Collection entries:
== Segment start ==

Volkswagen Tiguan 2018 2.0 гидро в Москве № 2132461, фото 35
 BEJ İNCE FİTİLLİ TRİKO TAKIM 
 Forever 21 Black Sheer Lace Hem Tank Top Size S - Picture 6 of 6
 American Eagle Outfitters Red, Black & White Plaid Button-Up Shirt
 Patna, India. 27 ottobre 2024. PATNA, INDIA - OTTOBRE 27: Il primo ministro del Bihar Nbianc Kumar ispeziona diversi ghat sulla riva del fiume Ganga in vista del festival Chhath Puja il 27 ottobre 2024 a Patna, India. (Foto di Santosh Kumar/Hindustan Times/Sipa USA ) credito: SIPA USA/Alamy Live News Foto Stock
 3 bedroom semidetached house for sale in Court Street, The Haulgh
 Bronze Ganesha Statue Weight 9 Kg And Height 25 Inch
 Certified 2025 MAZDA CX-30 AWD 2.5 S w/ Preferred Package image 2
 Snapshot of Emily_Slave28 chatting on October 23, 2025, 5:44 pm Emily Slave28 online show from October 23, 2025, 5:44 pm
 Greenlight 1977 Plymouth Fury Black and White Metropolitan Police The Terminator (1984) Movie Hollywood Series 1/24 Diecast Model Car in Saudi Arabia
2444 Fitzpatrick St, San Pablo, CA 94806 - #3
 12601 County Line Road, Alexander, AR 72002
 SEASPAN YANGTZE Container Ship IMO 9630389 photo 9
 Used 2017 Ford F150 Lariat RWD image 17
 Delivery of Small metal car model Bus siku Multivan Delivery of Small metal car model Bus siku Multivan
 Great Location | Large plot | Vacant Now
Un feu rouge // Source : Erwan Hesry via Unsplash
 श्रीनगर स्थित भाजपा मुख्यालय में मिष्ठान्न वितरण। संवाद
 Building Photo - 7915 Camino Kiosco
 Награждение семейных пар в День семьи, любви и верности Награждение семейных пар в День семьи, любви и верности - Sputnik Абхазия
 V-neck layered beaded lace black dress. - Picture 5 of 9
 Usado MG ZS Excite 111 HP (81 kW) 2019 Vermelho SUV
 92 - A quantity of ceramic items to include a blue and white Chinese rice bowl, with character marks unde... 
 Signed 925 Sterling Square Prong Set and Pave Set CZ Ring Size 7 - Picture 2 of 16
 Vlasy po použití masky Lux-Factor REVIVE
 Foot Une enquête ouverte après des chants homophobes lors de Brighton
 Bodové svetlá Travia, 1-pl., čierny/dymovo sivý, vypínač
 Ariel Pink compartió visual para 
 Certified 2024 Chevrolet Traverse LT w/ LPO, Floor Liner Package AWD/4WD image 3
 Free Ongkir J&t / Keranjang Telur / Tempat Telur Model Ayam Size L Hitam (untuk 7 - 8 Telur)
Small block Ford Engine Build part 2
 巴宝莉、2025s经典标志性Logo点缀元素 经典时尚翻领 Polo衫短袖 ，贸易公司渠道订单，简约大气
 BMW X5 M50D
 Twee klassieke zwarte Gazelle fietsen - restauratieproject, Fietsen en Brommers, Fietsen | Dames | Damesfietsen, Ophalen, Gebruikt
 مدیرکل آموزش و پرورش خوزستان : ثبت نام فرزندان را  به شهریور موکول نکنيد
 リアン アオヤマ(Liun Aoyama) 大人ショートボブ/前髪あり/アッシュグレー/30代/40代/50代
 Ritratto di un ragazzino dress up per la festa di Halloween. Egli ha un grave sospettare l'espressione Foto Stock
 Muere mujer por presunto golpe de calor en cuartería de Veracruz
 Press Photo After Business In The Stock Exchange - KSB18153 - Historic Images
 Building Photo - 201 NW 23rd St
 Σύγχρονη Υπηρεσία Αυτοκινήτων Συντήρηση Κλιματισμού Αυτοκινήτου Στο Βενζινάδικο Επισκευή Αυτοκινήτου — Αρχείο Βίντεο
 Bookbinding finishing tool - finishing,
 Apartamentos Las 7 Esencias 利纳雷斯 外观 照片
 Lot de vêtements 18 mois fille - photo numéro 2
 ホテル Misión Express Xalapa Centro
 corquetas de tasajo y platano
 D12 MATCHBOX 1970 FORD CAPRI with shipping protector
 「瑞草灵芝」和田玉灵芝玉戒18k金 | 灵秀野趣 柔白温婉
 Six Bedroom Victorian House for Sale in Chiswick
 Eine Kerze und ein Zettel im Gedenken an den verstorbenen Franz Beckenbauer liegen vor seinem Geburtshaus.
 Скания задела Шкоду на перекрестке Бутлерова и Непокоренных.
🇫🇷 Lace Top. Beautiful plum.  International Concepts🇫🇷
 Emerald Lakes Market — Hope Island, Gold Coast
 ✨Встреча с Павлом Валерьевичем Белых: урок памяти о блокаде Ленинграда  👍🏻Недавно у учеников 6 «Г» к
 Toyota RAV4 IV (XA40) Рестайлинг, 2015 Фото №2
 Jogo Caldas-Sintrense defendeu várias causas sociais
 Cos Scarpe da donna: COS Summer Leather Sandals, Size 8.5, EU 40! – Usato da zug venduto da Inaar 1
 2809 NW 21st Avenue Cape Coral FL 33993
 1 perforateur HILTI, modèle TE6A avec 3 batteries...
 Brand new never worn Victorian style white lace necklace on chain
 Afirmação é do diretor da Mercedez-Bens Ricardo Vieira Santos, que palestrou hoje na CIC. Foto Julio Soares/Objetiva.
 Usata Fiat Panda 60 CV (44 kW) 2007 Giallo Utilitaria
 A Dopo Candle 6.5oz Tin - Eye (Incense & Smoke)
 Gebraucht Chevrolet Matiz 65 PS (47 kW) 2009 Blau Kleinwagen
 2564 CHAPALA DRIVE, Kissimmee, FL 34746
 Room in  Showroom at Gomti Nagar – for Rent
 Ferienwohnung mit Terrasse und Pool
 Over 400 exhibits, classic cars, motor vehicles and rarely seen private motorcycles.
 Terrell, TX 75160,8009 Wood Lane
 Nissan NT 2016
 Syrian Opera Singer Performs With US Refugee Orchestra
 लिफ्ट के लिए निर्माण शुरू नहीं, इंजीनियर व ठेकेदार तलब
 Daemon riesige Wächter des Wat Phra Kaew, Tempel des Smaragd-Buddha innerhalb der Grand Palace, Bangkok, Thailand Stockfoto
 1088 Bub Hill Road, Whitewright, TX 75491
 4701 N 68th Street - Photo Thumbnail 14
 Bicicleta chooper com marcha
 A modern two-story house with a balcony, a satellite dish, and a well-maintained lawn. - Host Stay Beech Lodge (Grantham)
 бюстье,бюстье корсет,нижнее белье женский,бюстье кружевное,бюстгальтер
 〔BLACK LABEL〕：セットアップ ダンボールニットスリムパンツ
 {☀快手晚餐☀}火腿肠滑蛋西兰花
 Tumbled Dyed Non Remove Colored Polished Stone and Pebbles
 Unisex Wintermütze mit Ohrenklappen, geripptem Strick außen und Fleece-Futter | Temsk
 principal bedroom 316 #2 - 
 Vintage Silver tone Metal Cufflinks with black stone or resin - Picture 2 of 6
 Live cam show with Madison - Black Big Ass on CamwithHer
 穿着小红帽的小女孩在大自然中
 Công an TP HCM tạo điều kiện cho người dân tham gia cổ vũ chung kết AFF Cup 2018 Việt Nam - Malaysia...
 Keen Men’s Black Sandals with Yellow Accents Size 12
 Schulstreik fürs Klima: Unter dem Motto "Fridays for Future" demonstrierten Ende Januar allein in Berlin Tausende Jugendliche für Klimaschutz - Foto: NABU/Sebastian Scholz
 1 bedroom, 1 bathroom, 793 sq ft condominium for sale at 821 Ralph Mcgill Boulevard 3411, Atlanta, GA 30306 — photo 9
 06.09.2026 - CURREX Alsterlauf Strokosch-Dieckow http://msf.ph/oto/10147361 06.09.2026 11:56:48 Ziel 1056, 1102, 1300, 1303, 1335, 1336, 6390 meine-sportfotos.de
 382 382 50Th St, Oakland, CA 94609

== Segment end ==

# [Your objective]
Take the line above containing "Twee klassieke zwarte", the line containing "Toyota RAV4 IV", and all lines in between, and copy them exactly without anything else.

# [Written solution]
 Twee klassieke zwarte Gazelle fietsen - restauratieproject, Fietsen en Brommers, Fietsen | Dames | Damesfietsen, Ophalen, Gebruikt
 مدیرکل آموزش و پرورش خوزستان : ثبت نام فرزندان را  به شهریور موکول نکنيد
 リアン アオヤマ(Liun Aoyama) 大人ショートボブ/前髪あり/アッシュグレー/30代/40代/50代
 Ritratto di un ragazzino dress up per la festa di Halloween. Egli ha un grave sospettare l'espressione Foto Stock
 Muere mujer por presunto golpe de calor en cuartería de Veracruz
 Press Photo After Business In The Stock Exchange - KSB18153 - Historic Images
 Building Photo - 201 NW 23rd St
 Σύγχρονη Υπηρεσία Αυτοκινήτων Συντήρηση Κλιματισμού Αυτοκινήτου Στο Βενζινάδικο Επισκευή Αυτοκινήτου — Αρχείο Βίντεο
 Bookbinding finishing tool - finishing,
 Apartamentos Las 7 Esencias 利纳雷斯 外观 照片
 Lot de vêtements 18 mois fille - photo numéro 2
 ホテル Misión Express Xalapa Centro
 corquetas de tasajo y platano
 D12 MATCHBOX 1970 FORD CAPRI with shipping protector
 「瑞草灵芝」和田玉灵芝玉戒18k金 | 灵秀野趣 柔白温婉
 Six Bedroom Victorian House for Sale in Chiswick
 Eine Kerze und ein Zettel im Gedenken an den verstorbenen Franz Beckenbauer liegen vor seinem Geburtshaus.
 Скания задела Шкоду на перекрестке Бутлерова и Непокоренных.
🇫🇷 Lace Top. Beautiful plum.  International Concepts🇫🇷
 Emerald Lakes Market — Hope Island, Gold Coast
 ✨Встреча с Павлом Валерьевичем Белых: урок памяти о блокаде Ленинграда  👍🏻Недавно у учеников 6 «Г» к
 Toyota RAV4 IV (XA40) Рестайлинг, 2015 Фото №2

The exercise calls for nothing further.